Korkulacak bir şeyin olmadığı kuduz aşısı olmanın yanında pek bir numarası olmayan durumdur. Hatırlıyorum da herkes korkardı aşıdan ama ben korkmazdım. Bayılanlar falan vardı ama benim bünyem kaldırıyordu böyle şeyleri demek ki. Tek şeyi sevmiyordum aşı olduktan sonra hani iğrenç ötesi acı bir damla damlatıyorlardı ya ağıza. işte o çok kötüydü be sözlük. *
uzun kuyruklar olurdu bizim zamanimizda. zaten ürkütücü olan aşı olma psikolojisi; uzun kuyruklar, aglayan, tepinen, kaçmak isteyen çocuklarla birlikte iyice korku filmi havası oluştururdu. ölsem de kurtulsam dediğim anlardı.

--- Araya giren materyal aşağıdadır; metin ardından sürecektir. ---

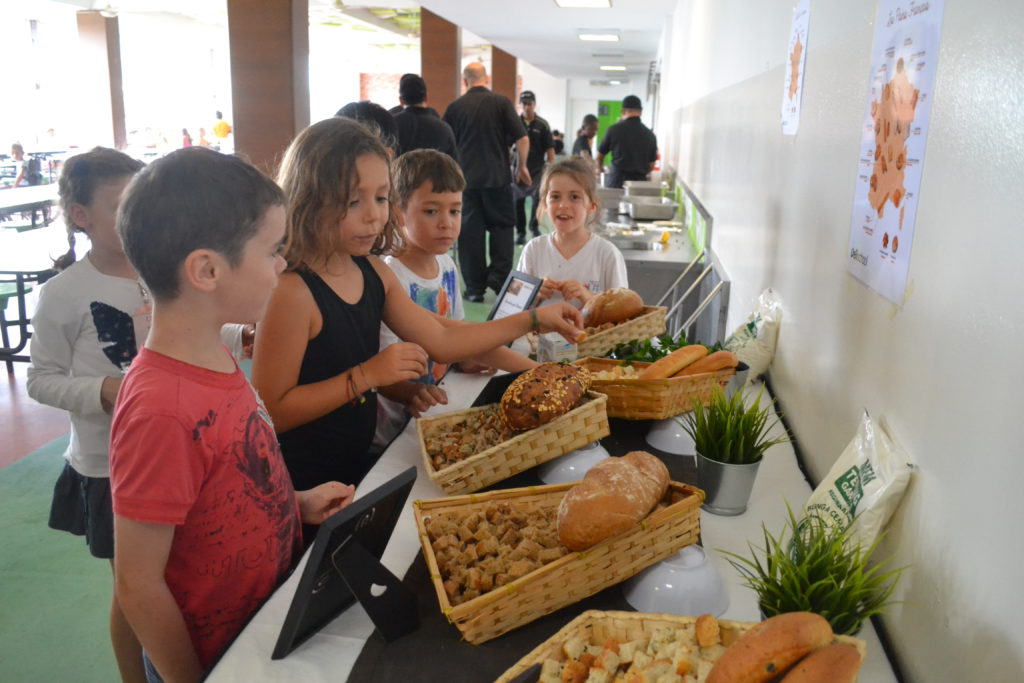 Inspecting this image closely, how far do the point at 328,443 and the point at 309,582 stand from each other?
2.46ft

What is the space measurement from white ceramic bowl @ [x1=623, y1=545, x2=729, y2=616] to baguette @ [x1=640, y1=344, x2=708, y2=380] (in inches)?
23.7

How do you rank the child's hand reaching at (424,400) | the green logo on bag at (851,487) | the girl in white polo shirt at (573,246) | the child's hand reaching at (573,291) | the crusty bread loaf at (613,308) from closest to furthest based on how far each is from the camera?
the green logo on bag at (851,487)
the child's hand reaching at (424,400)
the crusty bread loaf at (613,308)
the child's hand reaching at (573,291)
the girl in white polo shirt at (573,246)

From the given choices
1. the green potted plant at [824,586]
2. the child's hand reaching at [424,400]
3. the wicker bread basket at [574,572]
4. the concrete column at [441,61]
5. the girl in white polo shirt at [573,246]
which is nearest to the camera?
the green potted plant at [824,586]

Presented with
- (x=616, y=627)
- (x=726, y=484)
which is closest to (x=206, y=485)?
(x=616, y=627)

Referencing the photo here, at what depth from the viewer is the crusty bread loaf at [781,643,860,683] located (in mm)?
652

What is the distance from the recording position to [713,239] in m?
3.58

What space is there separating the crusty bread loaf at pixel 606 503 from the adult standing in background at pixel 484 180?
15.0 ft

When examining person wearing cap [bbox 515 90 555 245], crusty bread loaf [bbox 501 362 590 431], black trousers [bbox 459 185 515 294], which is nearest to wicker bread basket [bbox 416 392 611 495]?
crusty bread loaf [bbox 501 362 590 431]

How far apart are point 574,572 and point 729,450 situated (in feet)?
1.37

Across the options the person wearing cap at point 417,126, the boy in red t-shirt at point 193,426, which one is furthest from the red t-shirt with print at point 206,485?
the person wearing cap at point 417,126

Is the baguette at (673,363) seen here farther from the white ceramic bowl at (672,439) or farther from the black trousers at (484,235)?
the black trousers at (484,235)

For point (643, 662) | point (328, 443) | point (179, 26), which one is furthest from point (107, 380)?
point (179, 26)

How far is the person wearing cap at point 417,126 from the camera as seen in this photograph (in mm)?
5102

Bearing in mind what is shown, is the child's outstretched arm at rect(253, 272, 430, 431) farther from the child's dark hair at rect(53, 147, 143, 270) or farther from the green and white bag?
the green and white bag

ilk okul birinci sınıfta ali osman ve ben ağlama numarası yaparak aşıdan yırtmıştık. sınıfta ki kargaşa işimizi kolaylaştırmıştı tabi ki de. ama 5. sınıfta tetenoz aşısından kaçamamıştık.
hava atmak için korkmuyorum diyerek ilk sıraya girdiğim sonra yavaştan gözlerim dolarken kurutmaya çalıştığım acı ve korku dolu etkinliktir. Her sınıfta mutlaka kaçan biri bulunur.
o nasıl bir kara propaganda yapmak anlamıyorum hala.
iğne şu kadarmış içinde kalıyomuşta ebesinin hörekesi.
ama bitmedi bu korkutmalar.devam etti.sünnet olucaksın yok baltayla kesiyolar kanlar fışkırıyo falan derken askerlik çağı gelir yine korku kıtaları iş başındadır yok öyle dövüyolar yok böyle asıyolar böyle kesiyolar.
şimdi geriye bakıyorumda kendi kendime düşününce siktirin lan ordan diyorum.
ilkokul 2'yi tam hatırlamıyorum. ilkokul 4 ve 5'te olduk. sonra ortaokul 7'de olduk. şaka gibi lan ortaokul'da olduk iyi mi? sonra sağlık meslek'te birbirimiz üzerinde enjektör denedik. hayat ne garip?